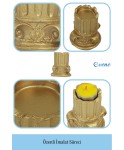 Altın Mumluk Şamdan Tealight Mum Uyumlu Tarihi Sütun Model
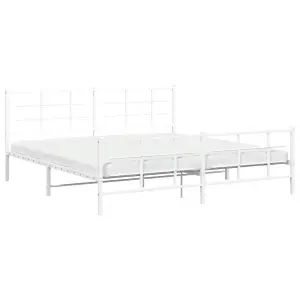 Berkfield Metal Bed Frame without Mattress with Footboard White 193x203cm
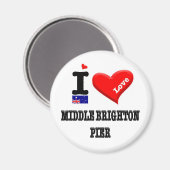 MIDDLE BRIGHTON PIER - I-Liebe Magnet (Vorderseite/Rückseite)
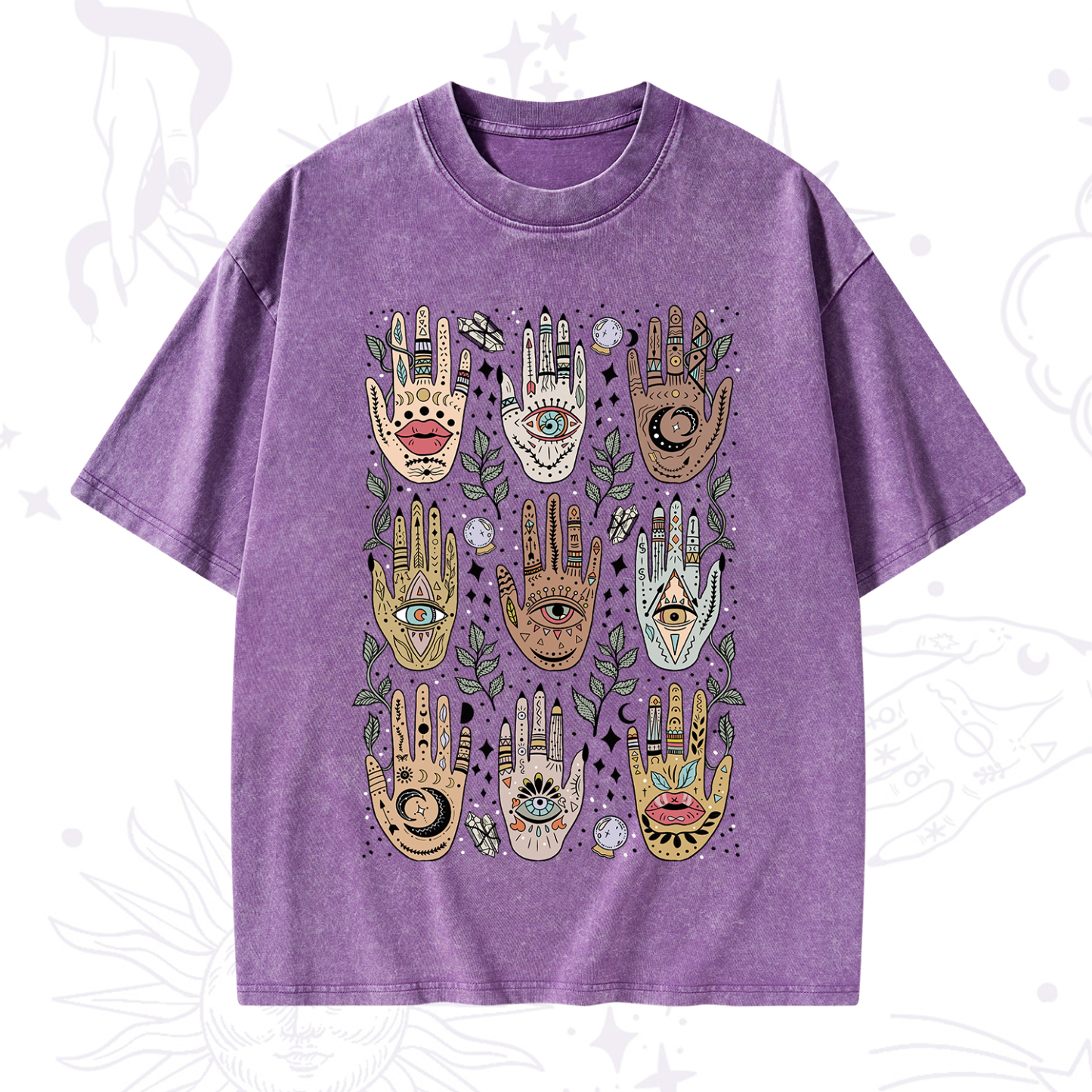 Purplehecate Helping Hands Washed T-Shirt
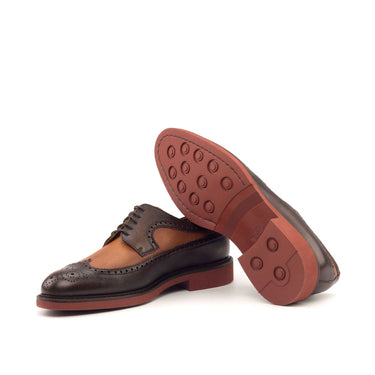 DapperFam Zephyr in Cognac / Dark Brown Men's Italian Full Grain Leather Longwing Blucher in #color_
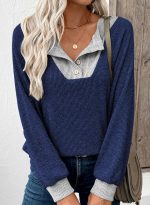 EVALESS Womens Fall Fashion 2025 Womens Long Sleeve Shirts Patchwork Button Up V Neck Sweatshirt Casual Pullover Tops - Image 3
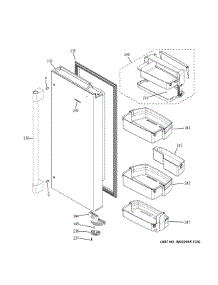 Fresh Food Door Rh parts for Ge Refrigerator ZWE23PSNDSS from AppliancePartsPros.com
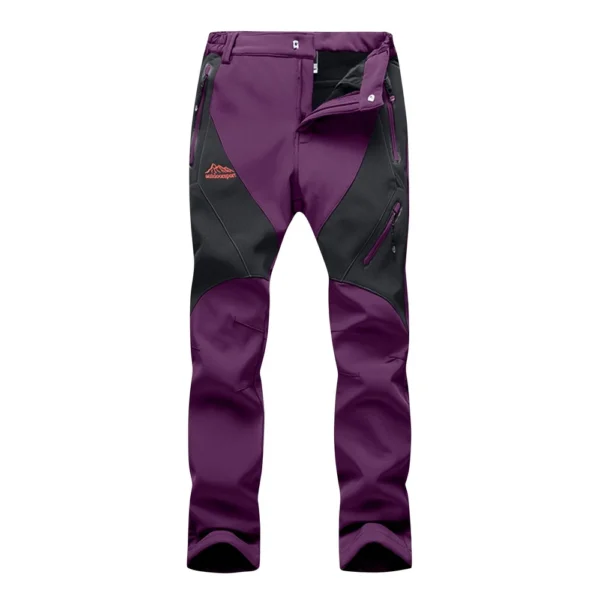 Womens Waterproof Breathable Rain Pants Plush Windbreak Ladies Trousers - Image 4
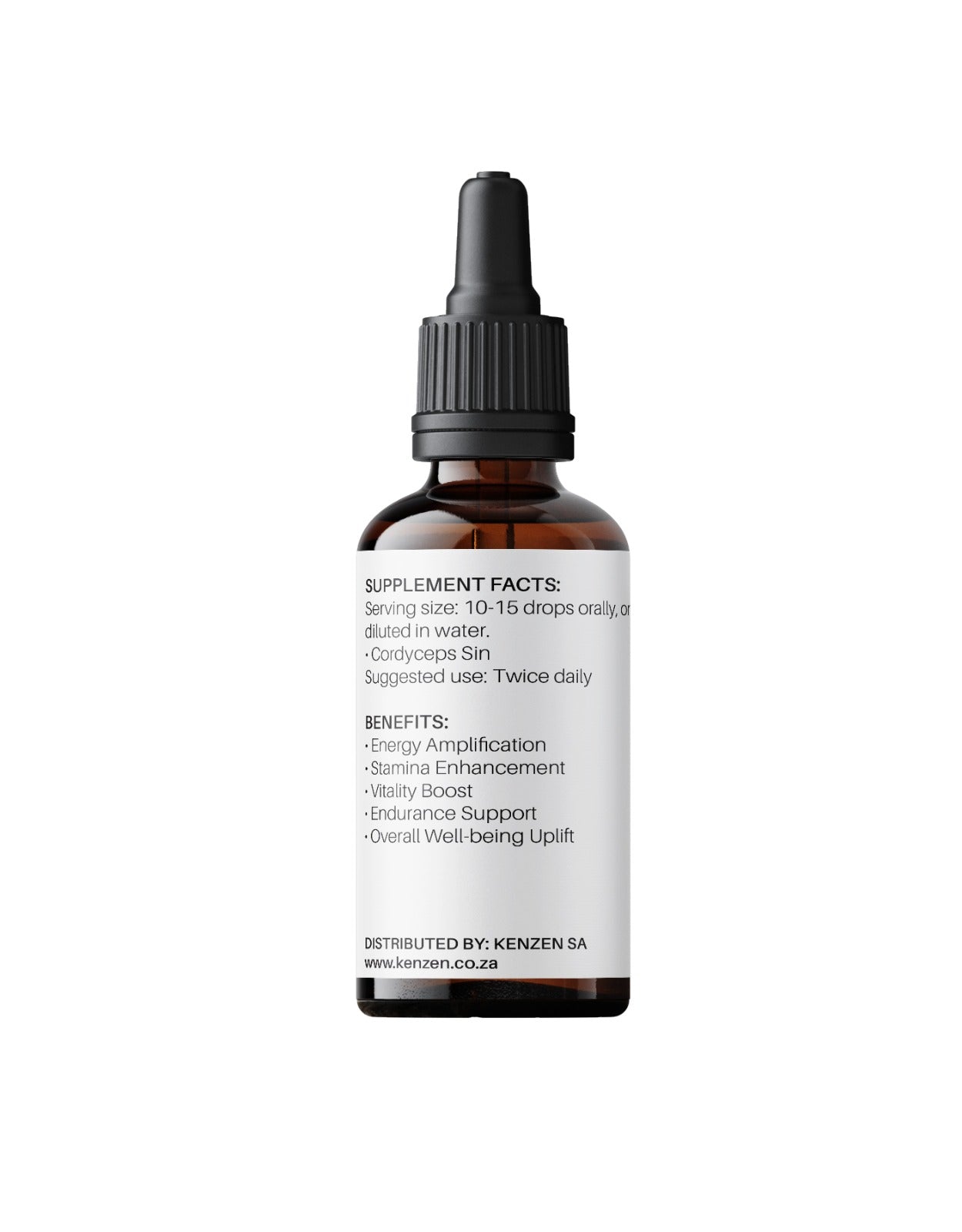 Back label of Kenzen Cordyceps Mushroom Non-Alcoholic Herbal Tincture 30ml in an amber dropper bottle showing ingredients and benefits on a white background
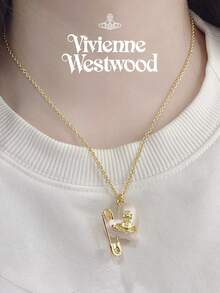 Vivienne Westwood Bộ sưu tập mặt dây chuyền Orietta hình trái tim, dây chuyền mạ vàng, chất liệu đồng thau. - Vàng - Xem 2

Task prompt:
Print the listing word for word but skip its pictures.

Reply to the exercise:
 Altın Mumluk Şamdan Tealight Mum Uyumlu Tarihi Sütun Model
 Berkfield Metal Bed Frame without Mattress with Footboard White 193x203cm
 MIDDLE BRIGHTON PIER - I-Liebe Magnet (Vorderseite/Rückseite)
 Purplehecate Helping Hands Washed T-Shirt
 DapperFam Zephyr in Cognac / Dark Brown Men's Italian Full Grain Leather Longwing Blucher in #color_
 EVALESS Womens Fall Fashion 2025 Womens Long Sleeve Shirts Patchwork Button Up V Neck Sweatshirt Casual Pullover Tops - Image 3
 Fresh Food Door Rh parts for Ge Refrigerator ZWE23PSNDSS from AppliancePartsPros.com
 Womens Waterproof Breathable Rain Pants Plush Windbreak Ladies Trousers - Image 4
 Back label of Kenzen Cordyceps Mushroom Non-Alcoholic Herbal Tincture 30ml in an amber dropper bottle showing ingredients and benefits on a white background
 Vivienne Westwood Bộ sưu tập mặt dây chuyền Orietta hình trái tim, dây chuyền mạ vàng, chất liệu đồng thau. - Vàng - Xem 2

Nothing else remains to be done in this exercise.